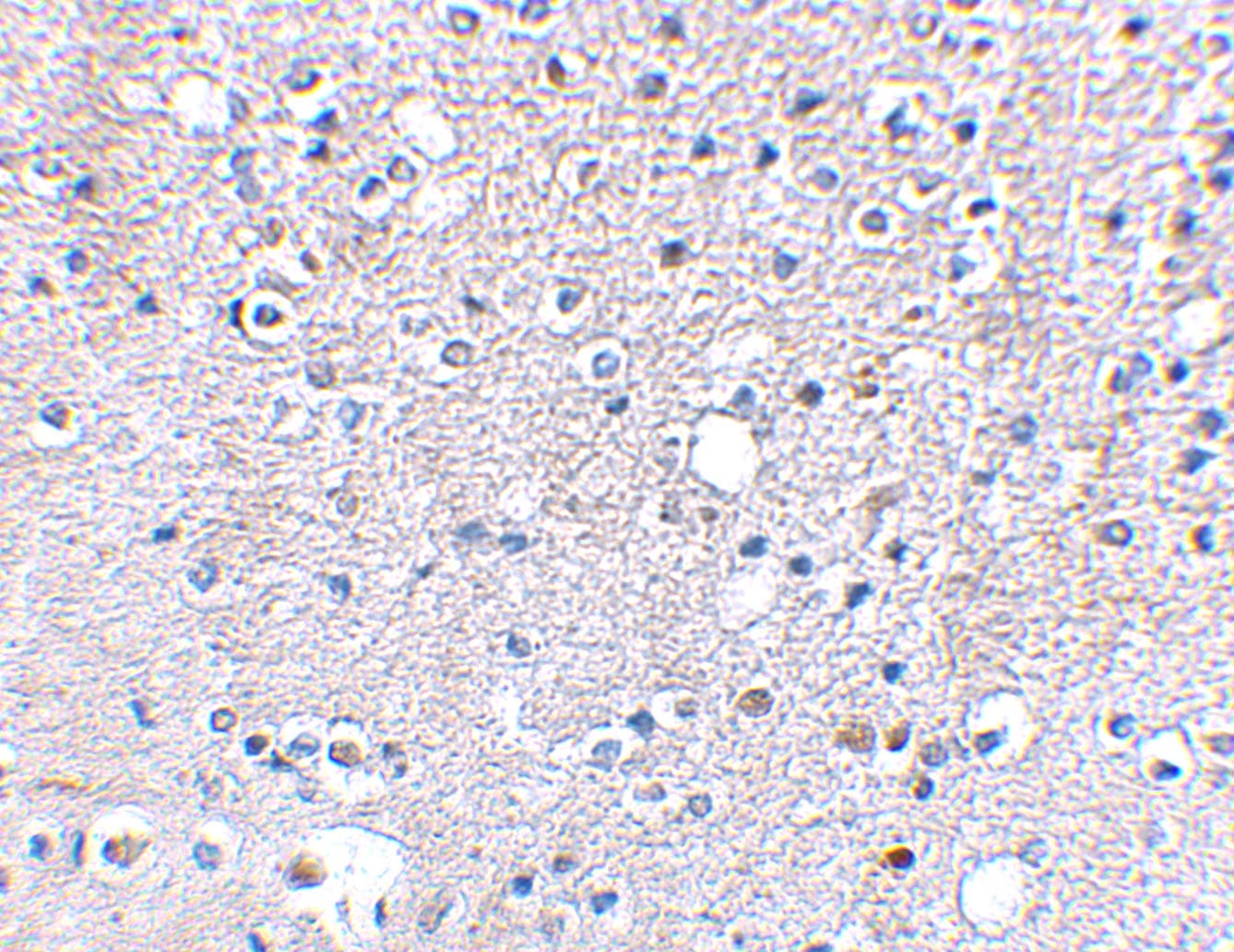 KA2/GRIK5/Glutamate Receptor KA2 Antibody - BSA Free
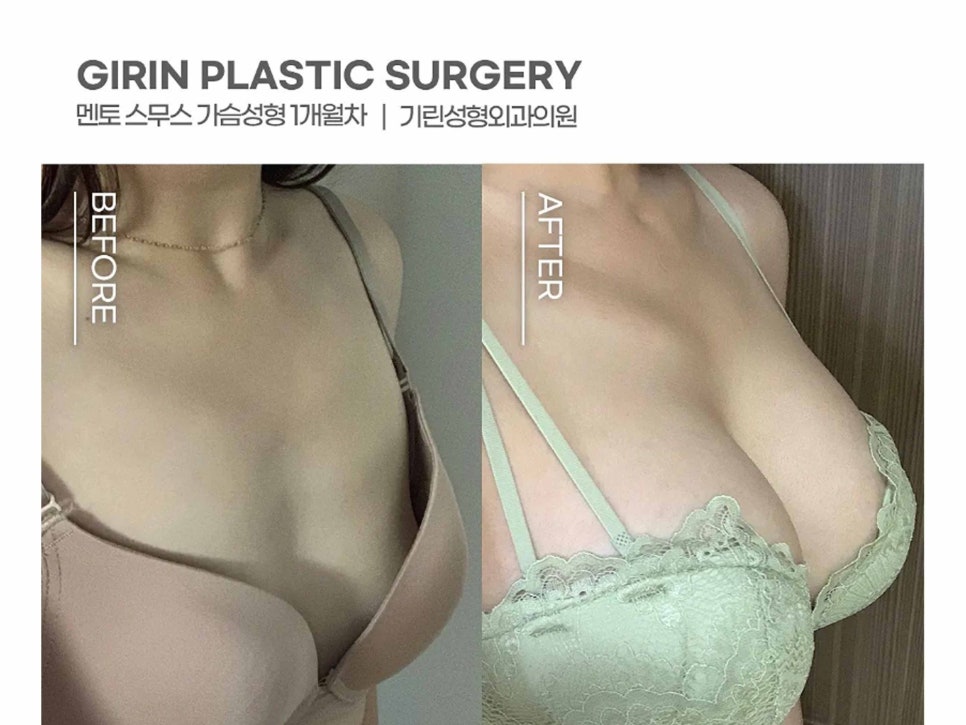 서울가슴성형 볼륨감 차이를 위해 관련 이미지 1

******

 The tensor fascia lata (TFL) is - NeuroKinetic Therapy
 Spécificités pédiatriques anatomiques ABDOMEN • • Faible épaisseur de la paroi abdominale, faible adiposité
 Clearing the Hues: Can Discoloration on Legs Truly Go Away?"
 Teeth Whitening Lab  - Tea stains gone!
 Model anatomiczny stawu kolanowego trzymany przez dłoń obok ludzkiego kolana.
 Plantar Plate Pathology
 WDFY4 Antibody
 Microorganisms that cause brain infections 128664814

******

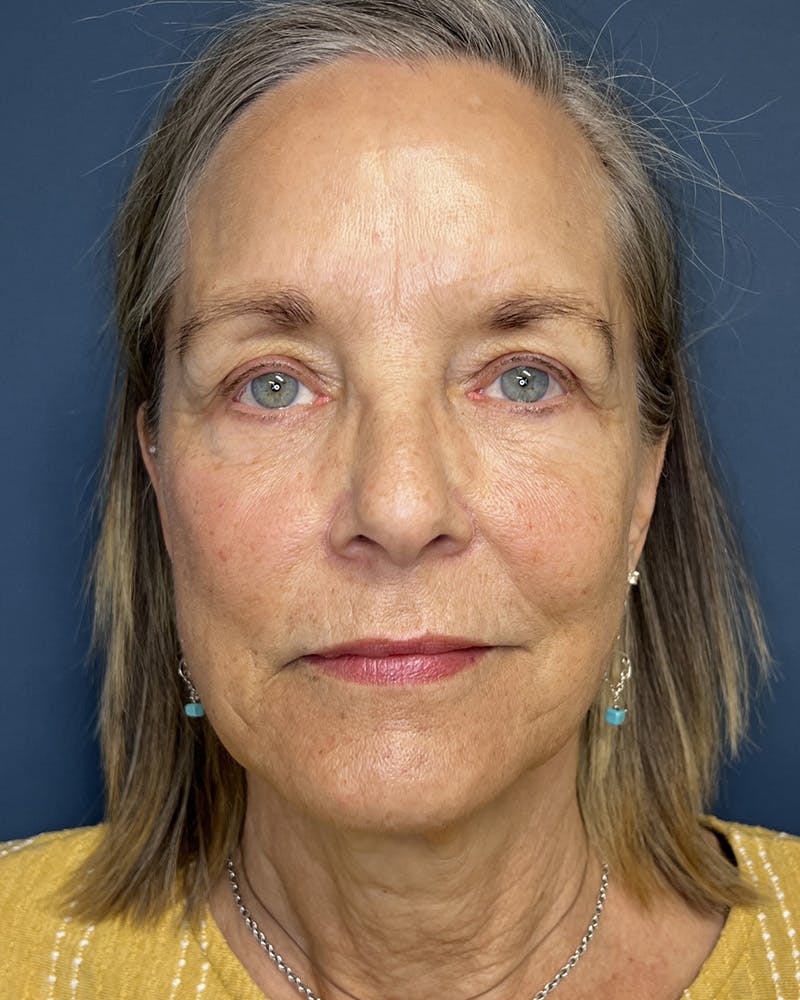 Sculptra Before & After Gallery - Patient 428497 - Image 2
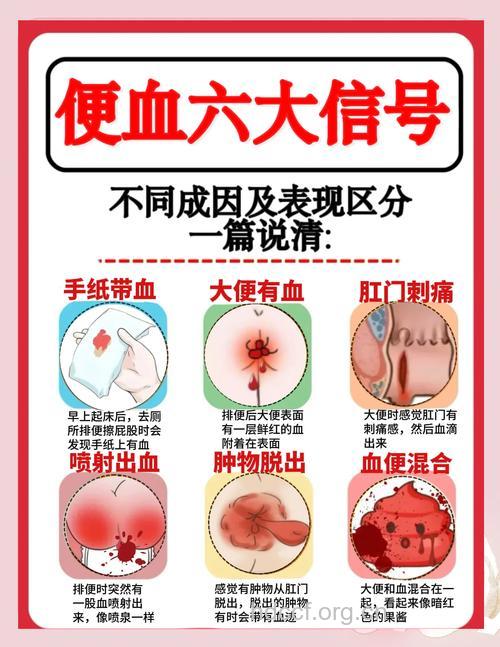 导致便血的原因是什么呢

******

Problem to work on: In the listing above, find the line with "KA2/GRIK5/Glutamate Receptor KA2" and the line with "서울가슴성형 볼륨감 차이를 위해 관련 이미지 1". Copy exactly those two and every line between, without the pictures.

Solution for this exercise:
 KA2/GRIK5/Glutamate Receptor KA2 Antibody - BSA Free
 서울가슴성형 볼륨감 차이를 위해 관련 이미지 1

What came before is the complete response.